Before the transaction, China trotted out the same batch of flunkies to speak of “destabilization” and “security”, but this had no effect. Mr Obama considered the possibilities, read the treaty, and went ahead with the sale. I like to think it was the lawyer in him.

The arms given to Taiwan are, on the scale of global war, the equivalent of an extra box of shotgun shells to a deer hunter. Nice, but not crucial. This is made clear in the Pentagon’s 2010 report on the Military and Security Developments Involving the People’s Republic (pdf). About Taiwan, it summarizes:

China’s military build-up opposite the island continued unabated. The PLA is developing the capability to deter Taiwan independence or influence Taiwan to settle the dispute on Beijing’s terms while simultaneously attempting to deter, delay, or deny any possible U.S. support for the island in case of conflict. The balance of cross-Strait military forces continues to shift in the mainland’s favor.

A decade ago, the Red Masters of Beijing sufficed themselves on secondhand ships sold at Russian Navy rummage sales. Since then, they have been building their own assiduously. Just as we have as earnestly been paring back. In the Days of Reagan, our Navy had 600 ships. We’re now at half that and dwindling fast; perhaps soon at an accelerated pace, if Secretary Gate’s recent words have any meaning.

China now has, according to the Pentagon report, 274 ships. However, many of these are diesel, mere coastal patrol boats, or are otherwise past their prime. Taiwan has 109, similarly constituted; although they have no nuclear-powered vessels. The contrast with each country’s Air Force is about the same.

It’s likely the next war will start here, in the Taiwan strait.
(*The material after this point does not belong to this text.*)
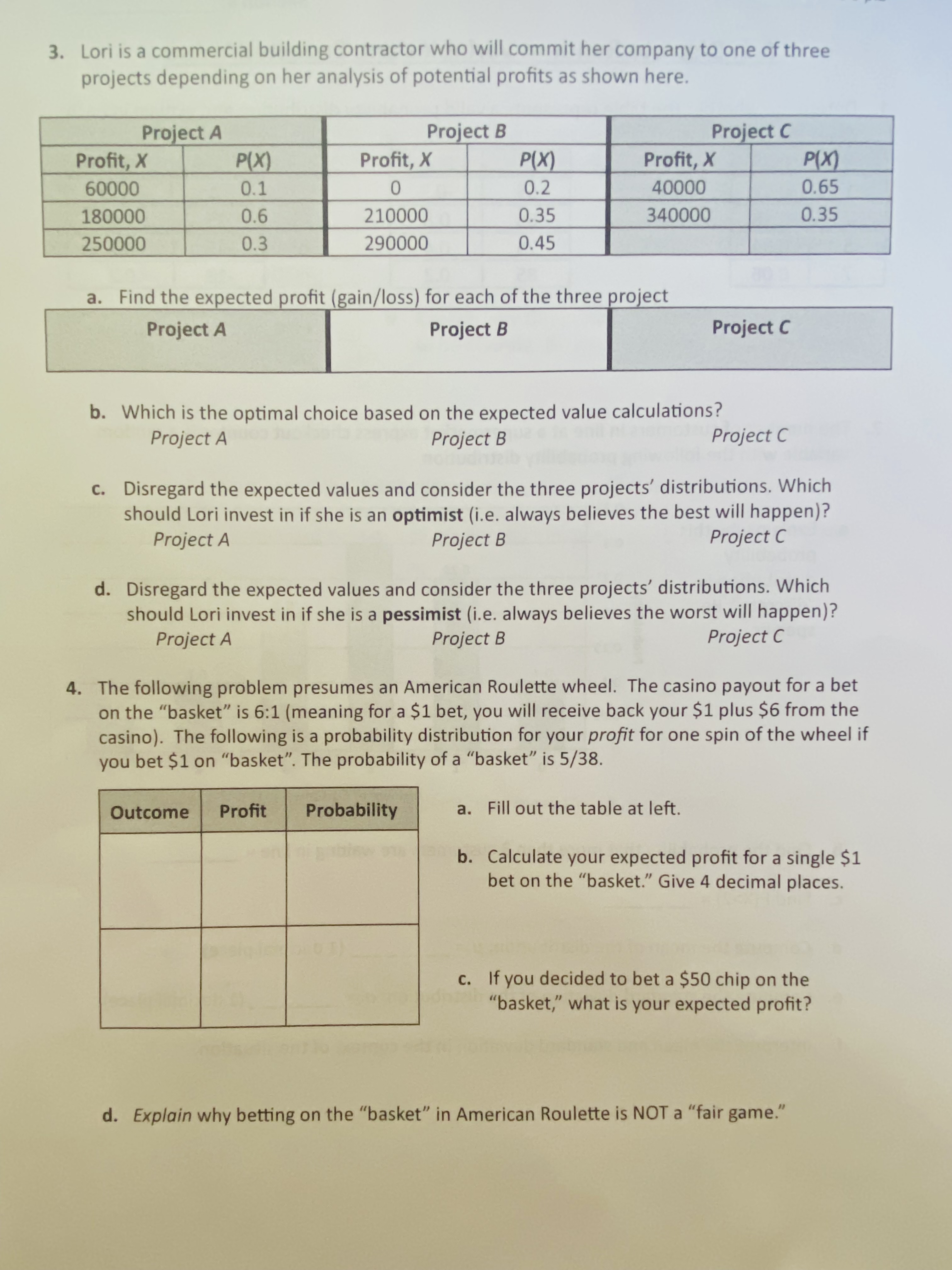table represents a valid probability distribution and explain in each 2. The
The real reason China wants Taiwan is not land or access to sea lanes (of which they have plenty), nor is it economic (China’s economy already dwarfs Taiwan’s). It’s because the communist masters in China still smart from the insult of Chiang Kai-Shek (蔣中正) escaping from Mao’s murderous clutches after the end of WWII.

Chiang took what meager forces he had left after the Soviets and Mao had ganged up against him, and set up on Taiwan. This would have been fine, except Chiang had the temerity to claim that China belonged to Taiwan. Worse for the Chinese, Chiang convinced the USA that this was so to the extent that the Taiwan-USA relationship was sealed with a treaty.

The treaty which led to the recent (and past) arms sales. Ah, history.


  1. Luis Dias

    There will be no China-Taiwan war. That is just silly. These taunts only existence are, as you rightly put, to check US govs and Korea nerves. A China Taiwan war would be even more agressive than any other Cold War proxy war, in a time where China depends upon the US (and vice versa) for their economy. If China ever invades Taiwan, they will be isolated in the world, and their economic rise will suddenly stagnate.

    And for what? For a grudge of more than 50 years ago? LOL, mr Briggs, never sign up for military intelligence 😀

  2. sylvain

    With war one should never say it will never happen. War happened for the most idiotic reason. I don’t see any resolution of the Taiwan situation any time soon. Which, if it ever get resolve it will be in the way that the taiwanese will have a special status, similar to the one that Hong Kong had when it was given back to China.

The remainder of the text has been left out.